Emily was a devoted, and some may say fanatical, member of the women’s suffrage movement in the UK. A movement that campaigned and protested for Universal Suffrage: basically it fought for the right of women to have the same voting privileges as men.
In 1928 Universal suffrage for all adults over 21 years of age was achieved.
The Pankhurst family, who have become an almost mythical family in the movement towards equal citizenship with men, led the movement.
You can imagine my excitement several years ago when I discovered that a friend’s great - grandmother had been in prison with one of the Pankhurst’s, during the suffragette’s infamous hunger strikes. She was not in prison for herself being a member of the suffragettes, but because being about to give birth, and being in an era before epidurals, she had drunk some alcohol to help numb the pain. Her payment for doing such a thing: Prison.
And perhaps therein lies the insurmountable obstacle to gender equality: childbirth. And that is one fact that can never be erased.
To be born female is to be born, in many respects, a commodity. From the smallest age we compliment little girls for being pretty, sweet, good around the house, and all things nice.
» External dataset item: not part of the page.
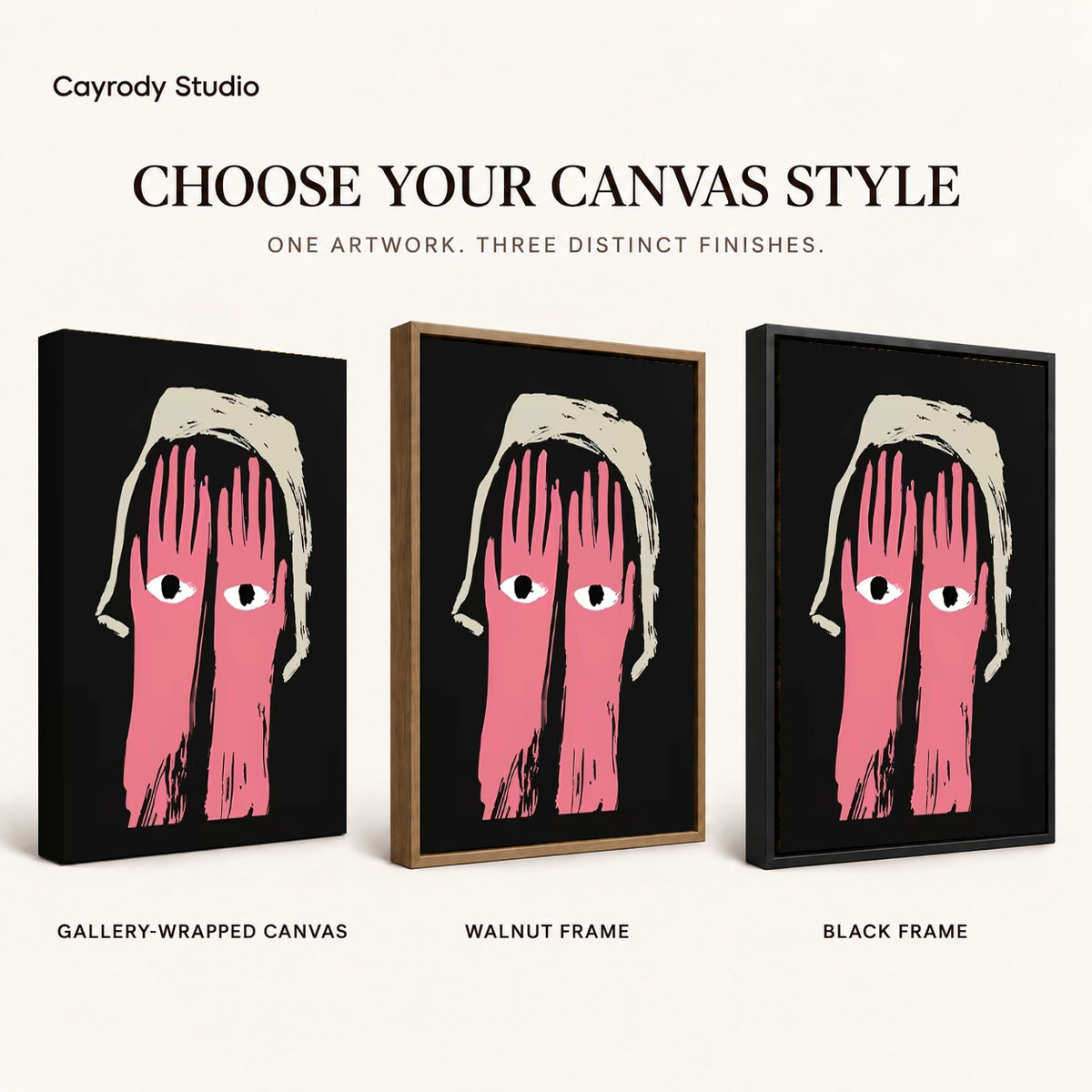 pink hands watch canvas art compared across gallery-wrapped canvas, walnut frame, and black frame finishes.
If a woman happens to be beautiful and also happens to be intelligent well then that is one of the most dangerous combinations alive. And it will not, in nearly all cases, ever make her happy. By contrast looks and brains in a man just make him more attractive and winsome to everybody.
For men are born with an advantage.
But what about when this ‘advantage’ is not just an advantage like any other: being beautiful; being intelligent; being talented, but one which is used to victimize those that were merely born the ‘the other sex’.
I sat down to write this blog entry and realized I don’t know what to say, do, or write. I don’t know what you can say about such an endemic human rights issue that crosses, culture, race and wealth.
Whether that is rape, acid – throwing, honor killings, female genital mutilation or domestic violence.
The image that it portrays of the culture we have created for ourselves shows itself very clearly. Some are clearly more equal than others: A whole 50% to be precise.
‘At least one out of every three women has been beaten, coerced into sex, or
otherwise abused in her lifetime’.
As a child many of us witness domestic violence.
We all know people whose childhood was blighted by this horrendous reality.
There is a culture of silence that surrounds domestic abuse, and I don’t think any statistic will ever truthfully tell us how big the actual problem is.
The very same boys who are outraged at the abuse inflicted on their Mother often go on to impose similar abuse in their own adult relationships. And the same is true of girls. Often times the daughters of domestic abuse victims grow up and become entrapped in abusive relationships.
Children, who have witnessed the sins of the fathers, can often too actively reject the family where such horrendous events occurred.
As adults we demand explanations for the past. We want to know why it happened, and why it was allowed to happen. We don’t understand why people stay and put up with it. We often place the blame on the original victims:
‘You stayed! You put up with it! I wouldn’t. I never would. Why did you do it? Don’t you know what it has done to me?’
"To the victor go the spoils" goes the war cry. In a world where over half the human beings, are made vulnerable by virtue of their very gender. There are no victors; only spoils. And we should be ashamed of ourselves.